August

Countdown to the Bicentennial: A record-setting summer

Research support, philanthropic giving and community partnerships fueling IU's positive impact throughout the state

Dear Friend of IU:

This is my first update for the new academic year, but the summer has hardly been quiet. As will be seen by a number of record-setting achievements and exciting announcements that I describe below, this has been one of the busiest and most productive summers at the university that I can remember, as I start my 12th year as IU president.

All of what we have seen over summer emphatically underscores IU's success in continuing its status as one of the leading public research universities in the world; contributing hugely to a prosperous and innovative Indiana; and meeting the top priorities of the university's Bicentennial Strategic Plan, which is driving all that we do to prepare for a third century of excellence.

Over the next several days, our campuses across the state will open their doors to record numbers of new and returning students. They will return to what will be a particularly exciting and eventful academic year at IU, and one in which we are counting down the days to what will be a great historic event: IU’s 200th anniversary! From today there are only 317 days to go until it starts. For a preview of the myriad of exciting Bicentennial events that are planned, visit https://200.iu.edu. In fact, I encourage you to bookmark this link and visit it often, as more and more activities will be added to it as we count down to the Bicentennial.

A record-breaking year of investment in IU and Indiana

Just a few days ago I had the enormous pleasure of announcing at the historic first-ever meeting of the IU Board of Trustees in Evansville – another year of record research and philanthropic funding at IU. The university achieved a total of nearly $1 billion in private philanthropy and external research awards in the most recent fiscal year ending June 30.

These figures speak volumes about the quality of the outstanding research being conducted by our faculty, staff and students – research that expands knowledge, drives innovation, creates new industries and jobs, spurs economic growth and supports a high standard of living.

These figures also reflect the generosity of tens of thousands of IU alumni and friends whose continued support has contributed to the university's historic reputation for excellence over nearly two centuries.
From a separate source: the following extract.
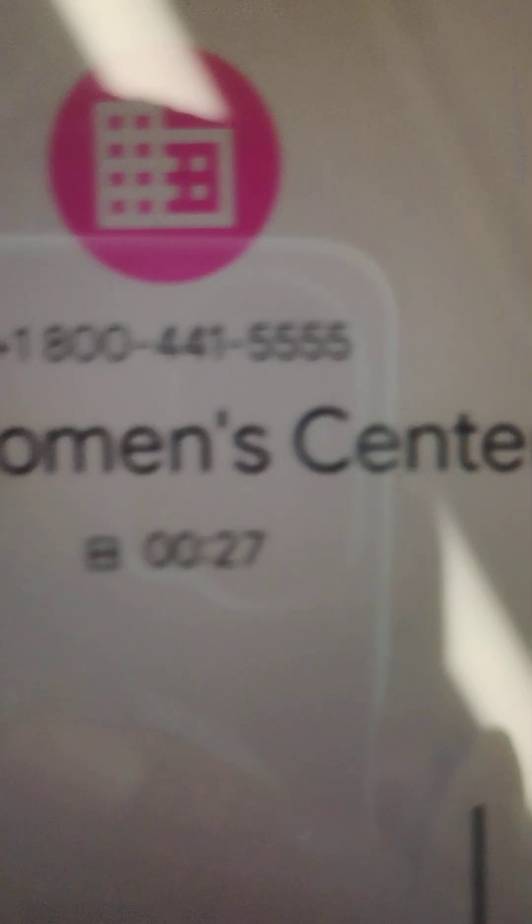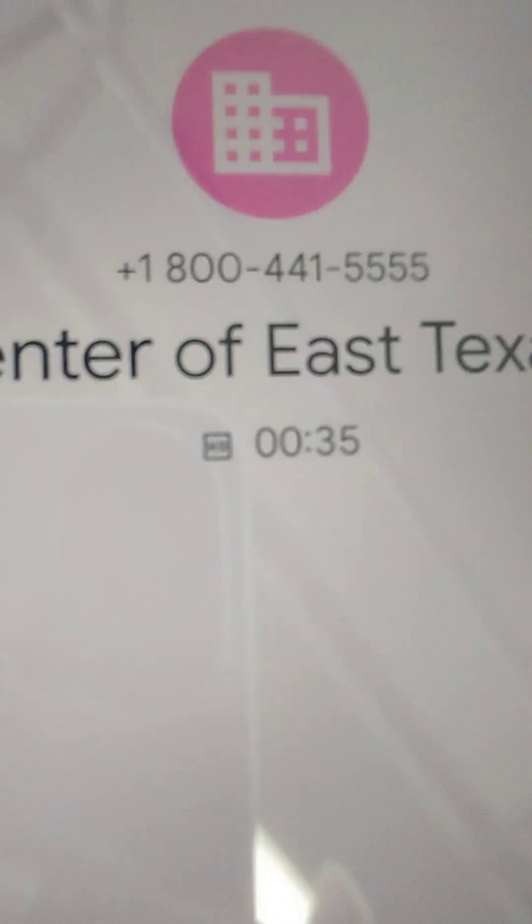Hello? Are you there? Hello? You refusing to say anything? Hello?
Collectively, this funding directly and indirectly also helps to support thousands of jobs in the state of Indiana.

IU: Indiana's research powerhouse

In fiscal year 2018, IU researchers received $604.4 million in external funding for research and other activities. This represents the highest total of external research funding obtained by any research university in the state during the last fiscal year and the second-highest annual total in IU history, falling just short of the previous record.

This figure includes an IU record of $204.7 million in funding from the National Institutes of Health, the principal federal government source of support for health sciences research in the U.S. Overall, it included $314.8 million in federal grants and contracts, $44.1 million in awards from the National Science Foundation and nearly $75 million in sponsored funding from industry – figures that are all the more noteworthy in light of the increasingly competitive environment that has faced researchers across the country in recent years as federal budgets have tightened.

Graphic by Samantha Thompson, Indiana University

Our external research funding also includes a total of $203.1 million in non-governmental grants, which is yet another IU record.

All of these remarkable figures once again underscore the fact that IU truly is the state’s research powerhouse.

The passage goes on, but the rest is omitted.